The question is how could I achieve that in a pythonic way. Any suggestions are much appreciated.

As a side note, I do not want a dictionary in between if this combination of overlap is possible from the lists itself.

Thanks

5

There are 5 best solutions below

0
On BEST ANSWER

Thanks for all solutions. Each solution was helpful. However, none of them was the exact answer I was looking for. Nonetheless, all of them partly helped me to come up with the right solution. Posting for everyone might be helpful.

I first needed to create 26 combinations for 5 lists. The initial lists

A =['D','KIT','SAP']
B= ['F','G','LUFT','SAP']
C= ['I','SAP']
D= ['SAP','LUF','KIT']
E= ['SAP','LUF','KIT','HASS']

Made a list of lists

lists = [A, B, C, D, E]

Defined empty list called combination as @marco's solution. And added all possible combinations based on the length of lists, plus one. The combinations are the values from our final dictionary.

 combinations =[]
    for l in range(2, len(lists) + 1):
        combinations += itertools.combinations(lists, l)

After that define a dictionary with keys and values from the list of the list. From here I adopted partly @butterflyknife's solution.

master_dict = dict(A=A, B=B, C=C, D=D, F=F)

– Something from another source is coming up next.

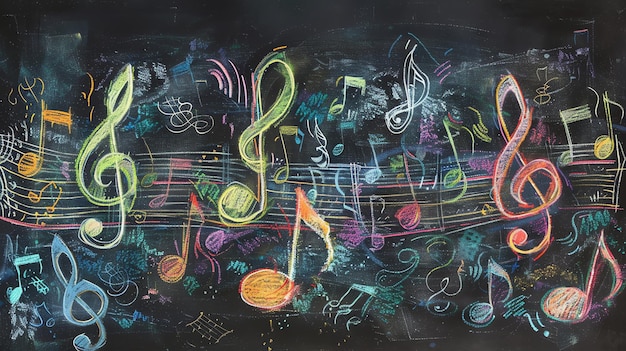 A chalkboard covered in colorful chalk drawings of musical notes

For the keys of our final dictionary, we defined an empty list first. Then populated the combinations by using join.

key_list    = []
for i in range(2,len(master_dict) +1):
    for combo in it.combinations(master_dict.keys(), i):
        new_key = "".join(combo)
        if (len(combo)>1):
            key_list.append(new_key)

Now, with both keys and values. We populate our final dictionary.

final_dict = dict()
for key, elem in zip(key_list, combinations):
    final_dict[key] = list(elem)
   

This part is to find the overlaps and convert them to a data frame.

overlap_list  = []
dfs = []
for k,v in final_dict.items():
    overlap = list(set.intersection(*[set(x) for x in v]))
    overlap_list.append(overlap)
     #print(overlap, sep=", ")
    dct  ={ 'overlap':overlap,'number of overlapps':len(overlap),
              'overlap models':k}
    dfs.append(dct)
df          = pd.DataFrame.from_dict(dfs)
0
On

Have a look at itertools.combinations. It returns all possible combinations of a given length for a given iterable. You'll have to loop over all possible lengths.

import itertools

lists = [A, B, C, D, E, F]

combinations = []

for l in range(2, len(lists) + 1):
    combinations += itertools.combinations(lists, l)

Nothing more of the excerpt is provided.